Probably sooner than you think.
I can’t give you a specific staff headcount at which you want to hire an HR person, rather, I’ll share with you some things to consider.
- Improved Ability to Hire and Retain Staff
While you can certainly outsource recruiting, there are still staffing related areas with which an on-site HR person can help. An HR manager can help educate hiring managers on proper interviewing techniques, assist with applicants and new hires that request accommodation, and ensure a great onboarding experience. They can also continually monitor and evaluate your compensation and benefit offerings related to the market and employee needs, to ensure they are competitive and meeting the needs of your organization. An on-site HR person can be a very valuable resource in administering and educating employees on your benefit offerings. During times like these, when recruiting is especially difficult, having the guidance of an on-site HR expert can be very beneficial in your efforts to find and keep the talent needed to run your business successfully.

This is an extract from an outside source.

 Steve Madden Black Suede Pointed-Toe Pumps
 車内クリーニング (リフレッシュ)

- Employment Relations and Employment Law
You and your managers might be very skilled at handling employee relations issues such as behavior issues, performance problems, discipline, complaints, etc. But sometimes managers struggle with hard employee conversations, and HR can provide guidance and support in navigating these troubled waters. This not only keeps your company out of legal trouble, but how you handle employee relations issues can impact company morale, turnover, and productivity.

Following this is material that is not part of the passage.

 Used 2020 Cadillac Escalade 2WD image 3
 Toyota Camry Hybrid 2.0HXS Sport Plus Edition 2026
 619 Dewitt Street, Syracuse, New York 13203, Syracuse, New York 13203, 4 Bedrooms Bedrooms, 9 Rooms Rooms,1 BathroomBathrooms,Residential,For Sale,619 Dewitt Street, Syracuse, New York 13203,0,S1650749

Legal compliance cannot be stressed enough. Your line managers don’t know the nuances of the various employment laws, and they sure can get you into trouble when they mess up. HR will understand wage and hour laws, disability and leave laws, discrimination, retaliation, and more. HR will understand the need to monitor not only federal laws, but state and local laws as well. As the company grows, certain laws start applying: at 15 employees, at 50, at 100, etc. Owners and managers may not realize that the company has gotten big enough that another law applies to them. Or you may move into another state or city that has different laws to navigate. Ignorance of the law is typically not an acceptable excuse for violating the law. What you don’t know can hurt you.

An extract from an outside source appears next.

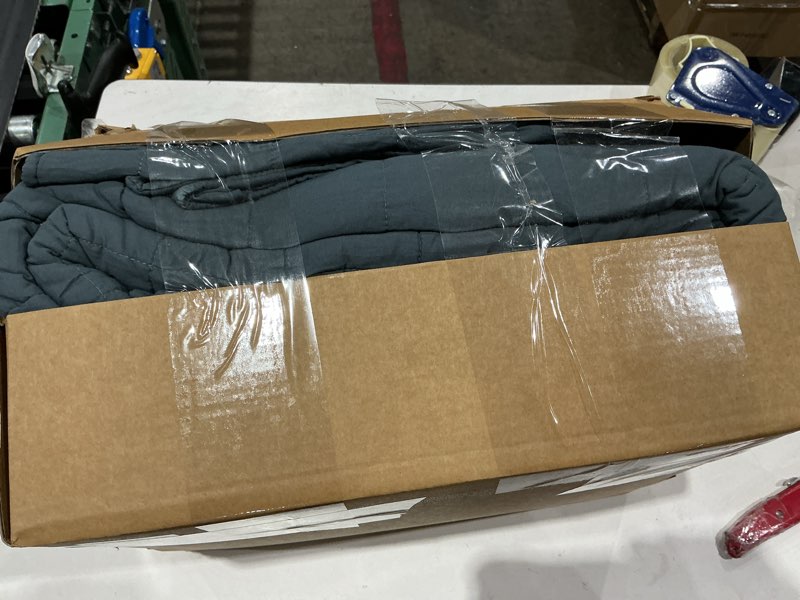 Condition photo showing As Is for evergracehome 100% cotton box stitch quilt bedding set king size 3 pieces, garment-washed lightweight soft cozy coverlet, oversized quilted bedspread sets with 2 shams for all season, midnight blue king (108” x 96”) midnight blue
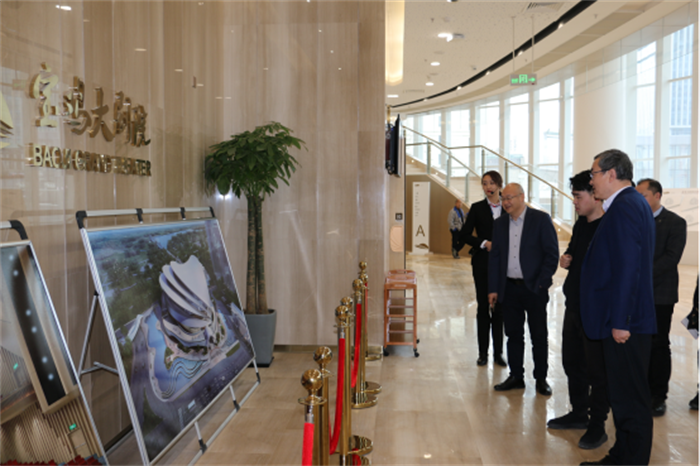 厕所偷拍
赴常州和宝鸡开展考察学习活动382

Human Resources can also ensure that documentation is appropriately worded, including offer letters, termination letters, employee handbooks, disciplinary write ups, etc. They can be an objective person handling employee relations issues, including harassment complaints. HR can tactfully and legally navigate investigations and appropriate resolutions.
- Company Culture
Human Resources can be stewards of company culture. HR can provide input into company strategic goals, and how to make them happen. Your employees are the key to your success. An HR person supports the organization and the directives of management, but they also represent the interests of employees. They often have insights on employee needs and concerns and can advise on strategies for building a strong and successful workforce. This might involve employee engagement surveys, improving communication across the company, monitoring and adjusting the employee experience; really everything from hiring/onboarding all the way to exit/termination, and much more. HR is not solely responsible for culture, but, they are positioned to put many initiatives in place to help monitor, define, and guide the company culture.
A small organization may not really need a full-time HR manager, but perhaps a part-time position is a good solution until the organization gets larger. There are HR professionals who would be happy to take a part-time position. You could also add other duties, to round out a full-time job. Sometimes an HR person might also be involved in event planning, or accounting, or even marketing. When you decide to bring HR into the organization, in whatever capacity, be sure the individual is educated in Human Resources laws and practices.
Asking your office manager to be responsible for HR is fine, if you send that person to training, seminars, etc. Human Resources is a complex and diverse area of expertise. Are you ready to bring in that expertise? HR can help protect you and your organization, and support your future growth. A talented and knowledgeable HR person can be a key component of your organization’s long-term success.